“France supports the German desire for a permanent seat on the UN Security Council,” says a statement published on Wednesday on the website of the Federal Government, dedicated to the Treaty of Aachen on cooperation between Germany and France.
This will be signed on 22 January by Chancellor Angela Merkel and France’s President Emmanuel Macron in Aachen. The text of the contract has not yet been published.
The permanent members of the UN Security Council with veto rights are currently the US, Russia, China, the UK and France.
German Foreign Minister Heiko Maas has commented on the possibility of Germany becoming a permanent member: “Our expectations have never been greater.”
Former top diplomat Thomas Matussek also believes that the Federal Republic could become a permanent member of the body. At the beginning of the year, Germany once again gained a non-permanent seat on the UNSC.
The central body of the global, rule-based and multilateral order, will see Germany leading for the sixth time.
Matussek told Sputnik that in these “troubled times” the Council would be facing a “huge task”. The former diplomat was ambassador to the United Kingdom and India. As Permanent Representative of Germany to the United Nations, Matussek also worked in New York. For him, it is important that the composition of the Security Council reflects the actual balance of power in the world.
“Without overestimating Germany, one can say that at least in Europe it has a certain management responsibility. Because of its size, its economic strength, but also its great tradition of multilateral politics. Of course, many eyes are on us. It is a great task for us to live up to this expectation, not least in view of the fact that we are looking for a permanent seat on the UN Security Council in the long term.”
Matussek expects that the pressure of expectations will increase, because a country like India, which will soon be the most populous country in the world, is not represented. But neither is the continent of Africa, Latin America nor one of the largest contributors – Japan.
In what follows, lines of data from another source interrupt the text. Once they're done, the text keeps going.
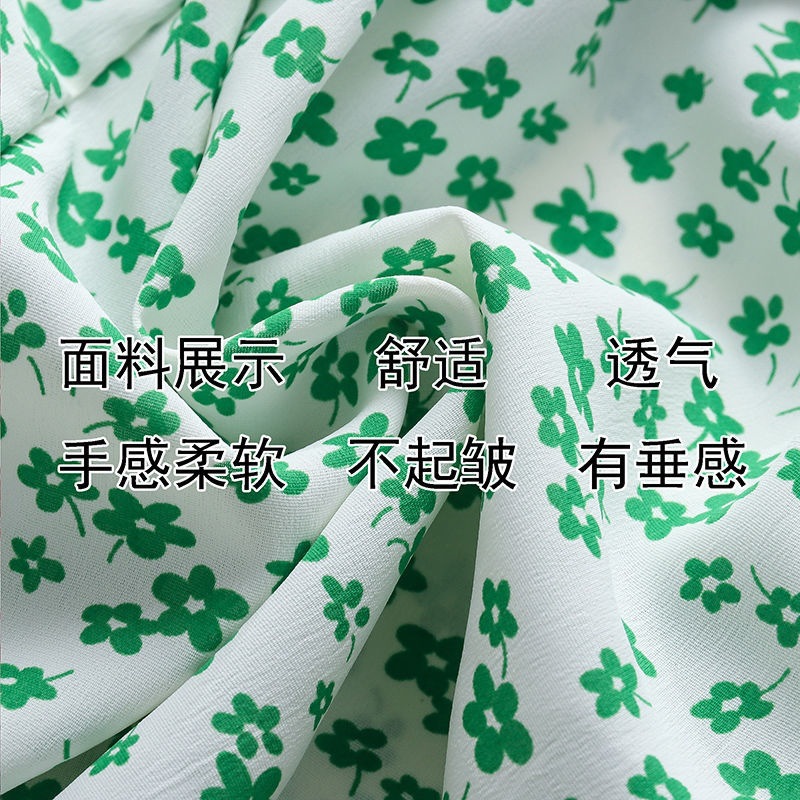宝宝娃娃领连白底实物图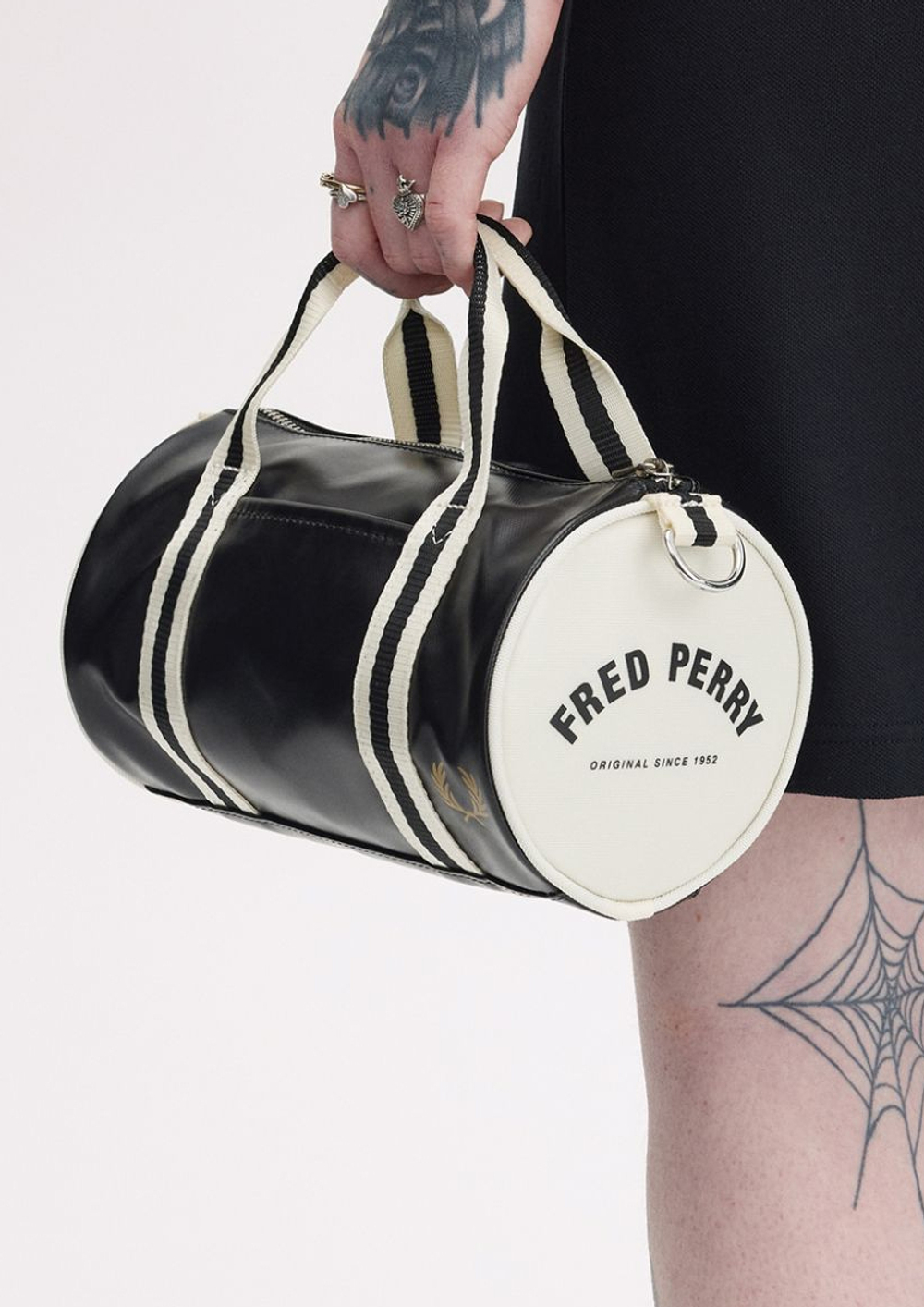 Сумка FRED PERRY Classic Mini Barrel Bag
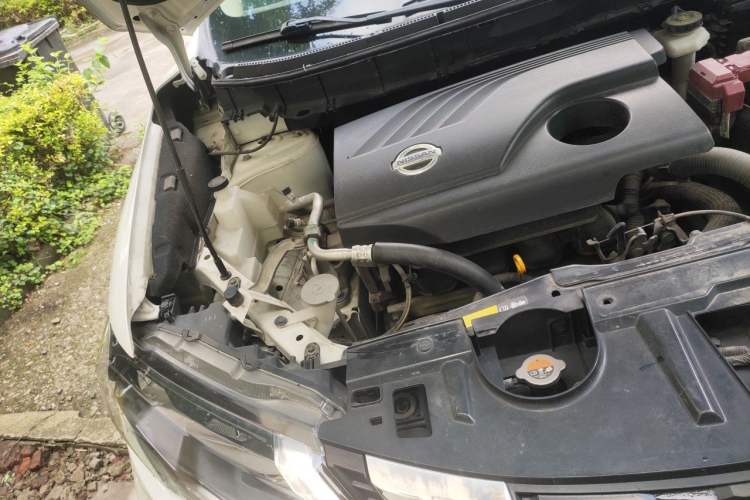 Used Nissan X-Trail 2017 2.0L CVT Comfort Edition 2WD Engine Bay Right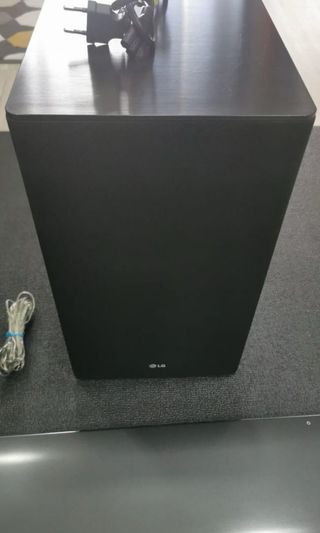Barra de Sonido LG SK9Y + Altavoces Traseros SPK8
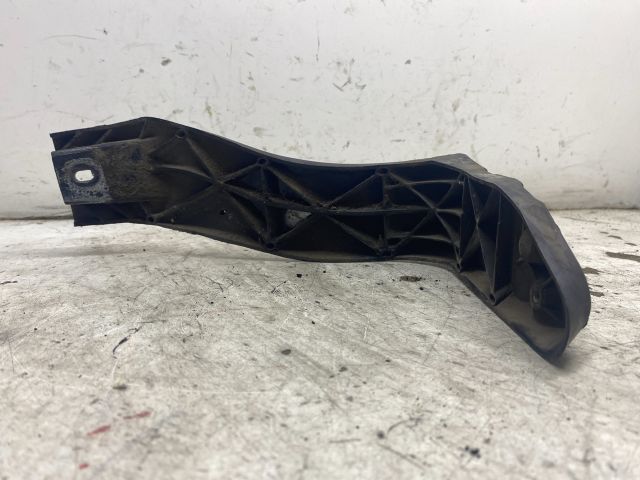 bontott AUDI A4 B6 Bal Sárvédő Oldaltartó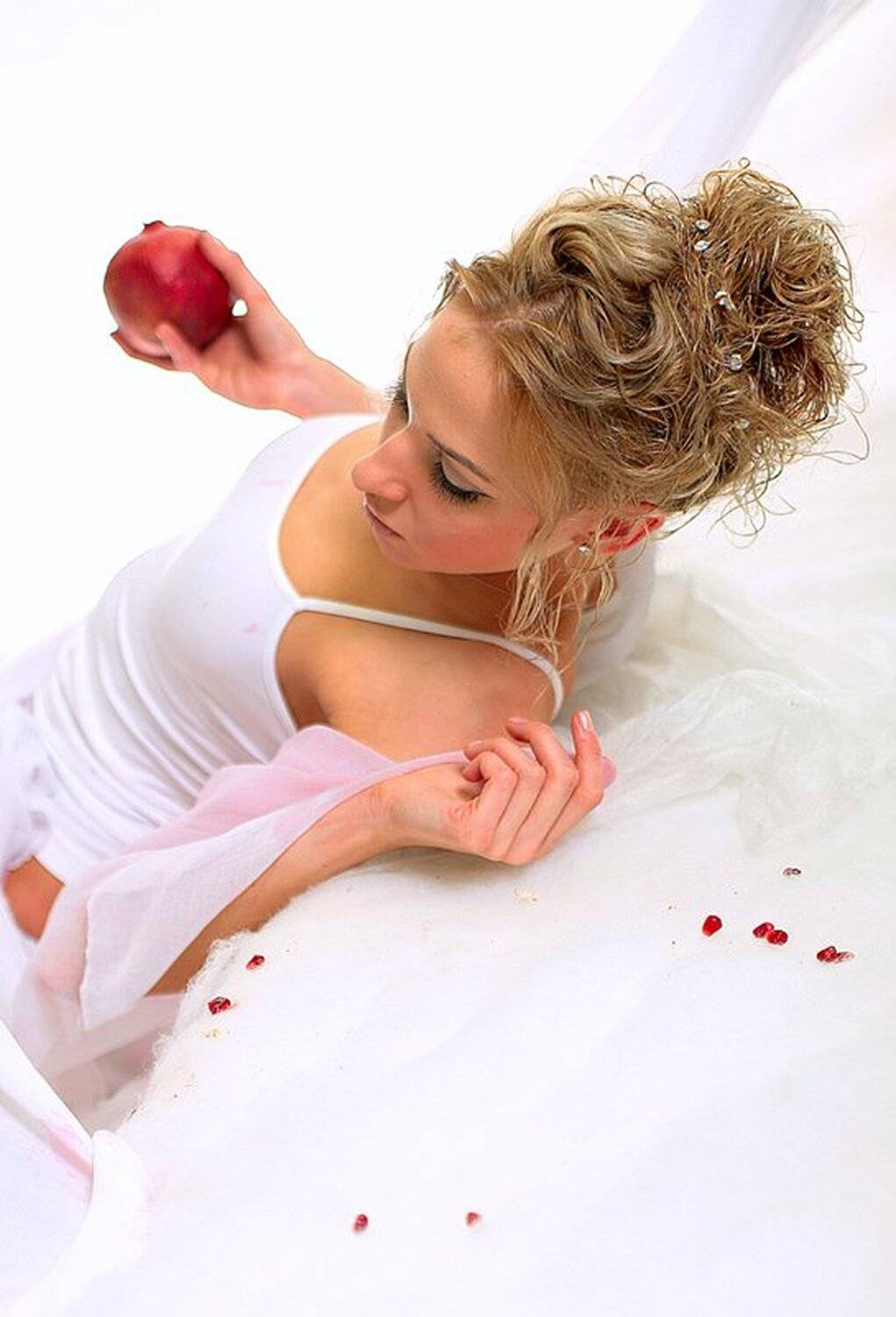 гламур, белое, гранат, nami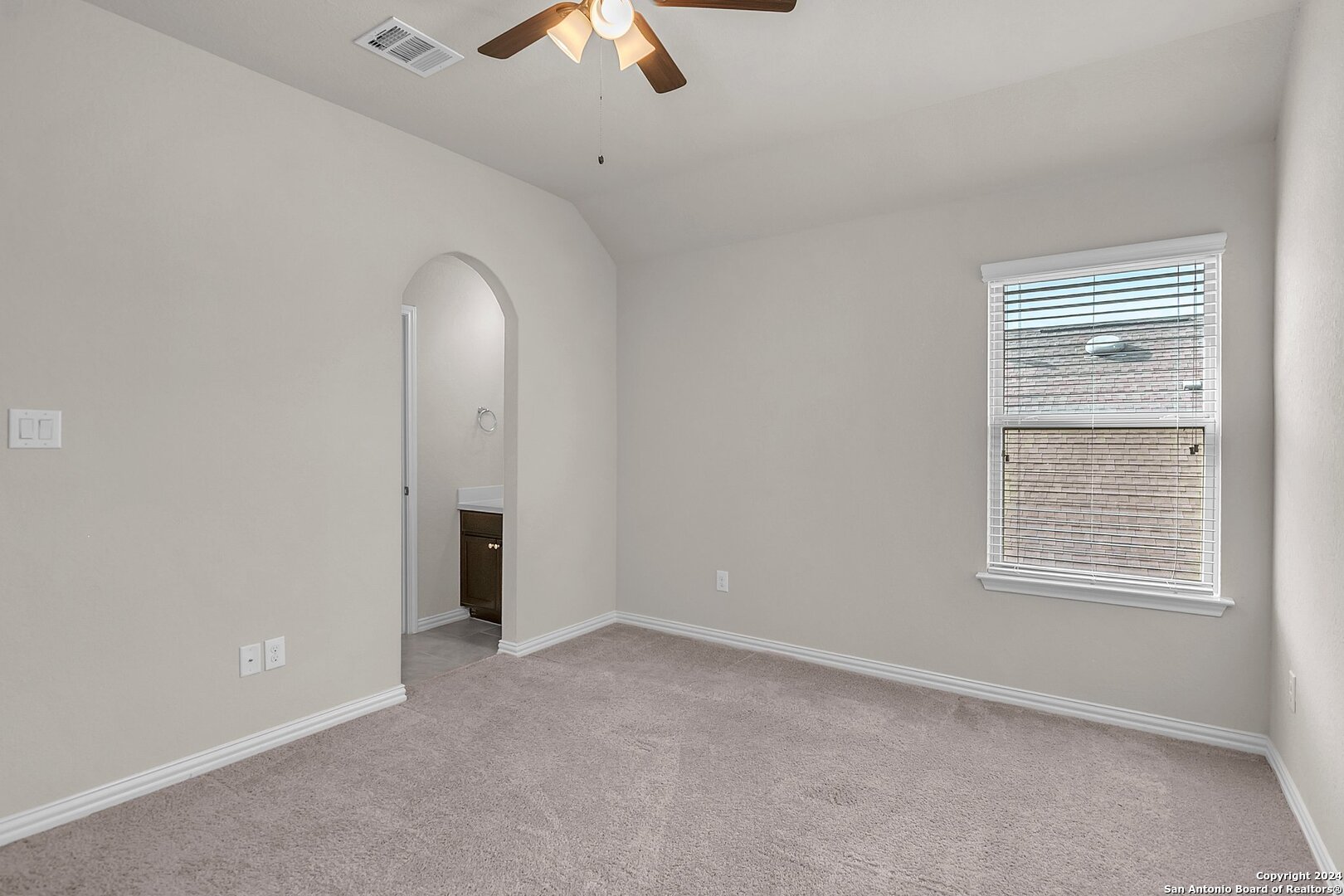 10423 Monicas Creek Schertz TX 78154
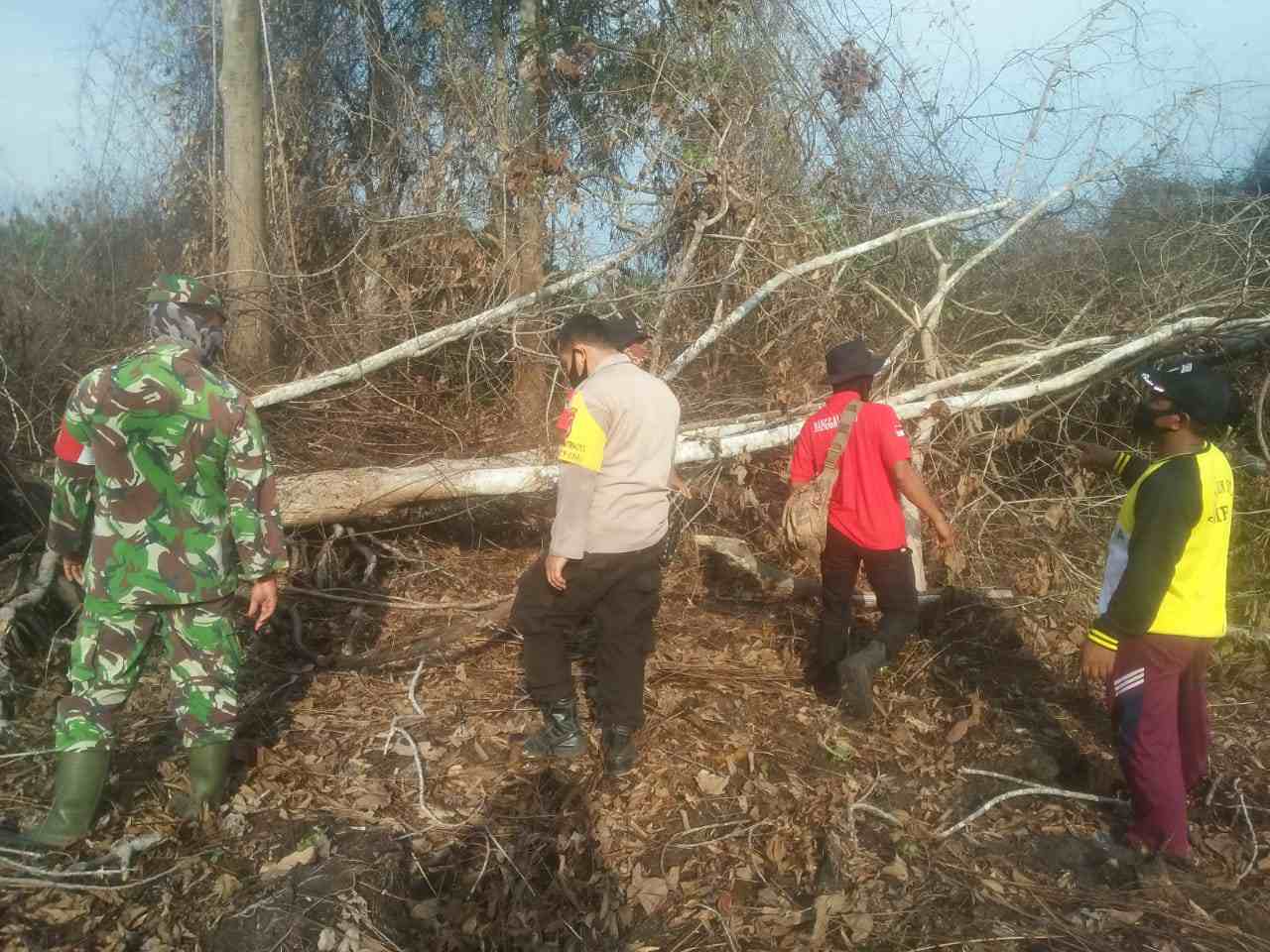 Sertu Ristiyo Bersama Anggota Bhabinkamtibmas Patroli Karhutla di Bathin Betuah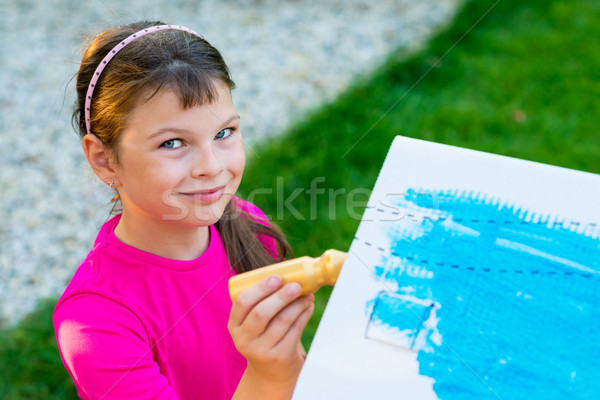 Jong meisje schilderij karton huis tuin papier Stockfoto © bubutu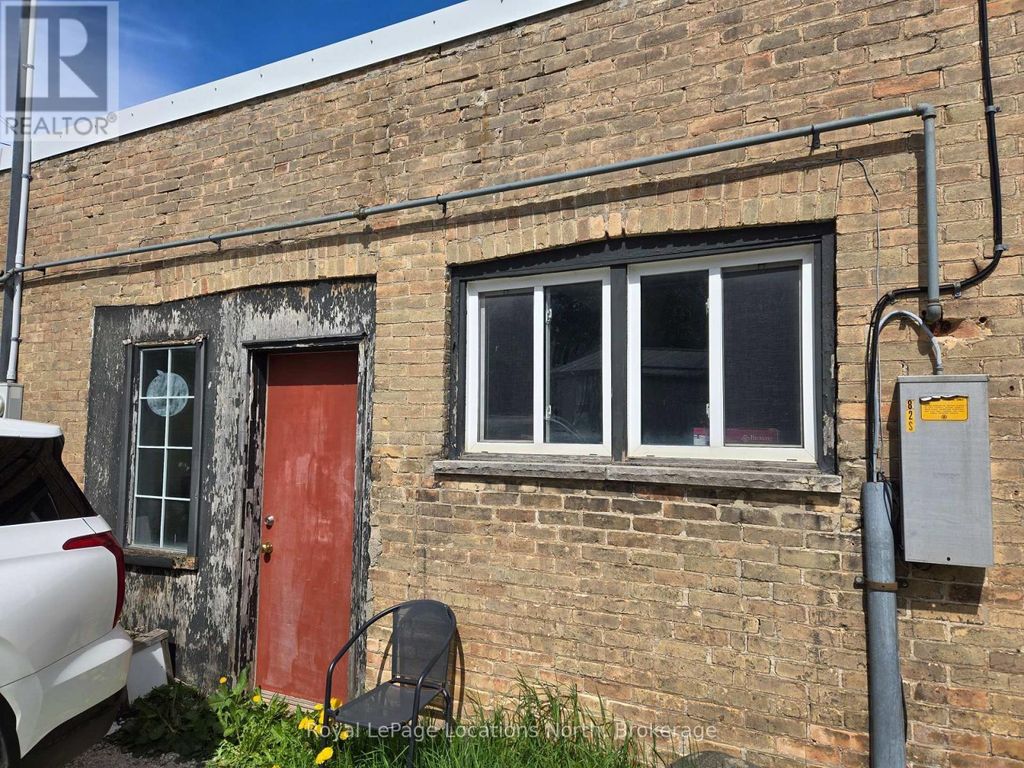 86 Sykes Street N, Meaford
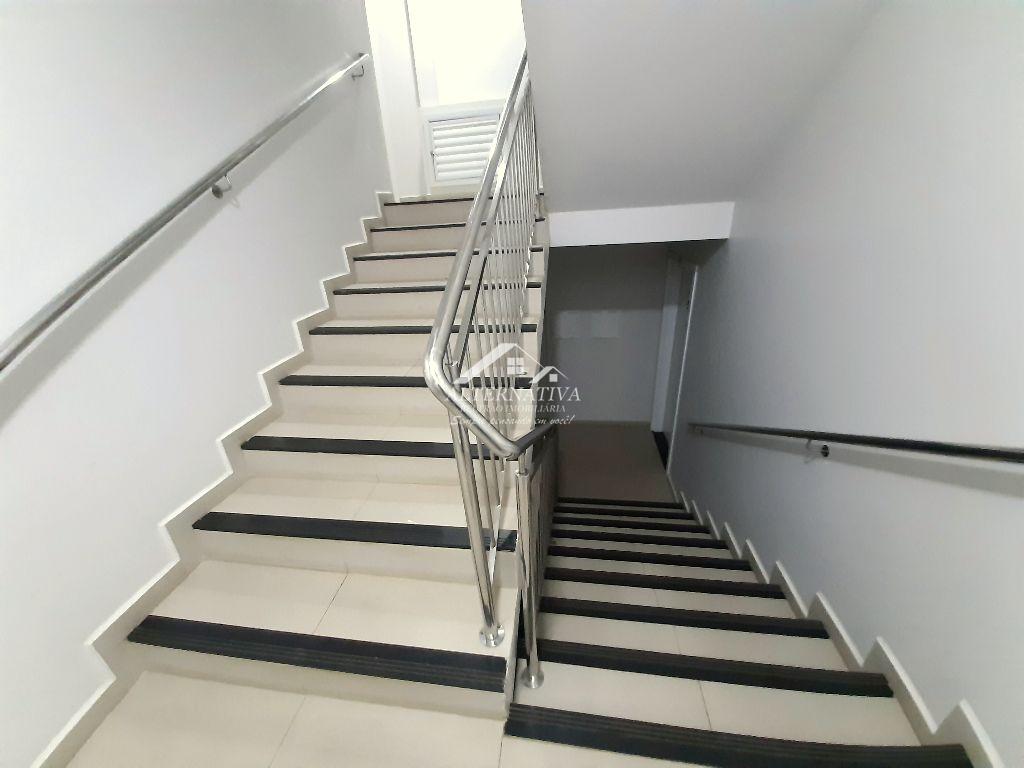 APARTAMENTO EM EXCELENTE LOCALIZAÇÃO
“First of all, because we are one of the two biggest contributors, but above all because we have shown in the past that we did not put the national interest at the center, but that we wanted reasonable multilateral solutions,” says Matussek.
If the Federal Republic actually gains a permanent seat, that would mean that not two, but three European countries are represented on the Security Council, and many members may see this as overrepresentation.
Chancellor Angela Merkel (CDU) has therefore proposed that in the future single EU states no longer occupy the non-permanent seats in the Security Council, but that these become “European seats”.
But the British and French will not give up their seats. In addition, it means that a supranational body would then be a member, which is impossible under the current UN statute. If the statutes are amended accordingly, there would certainly be other multilateral coalitions that want to have a say in how the world is run.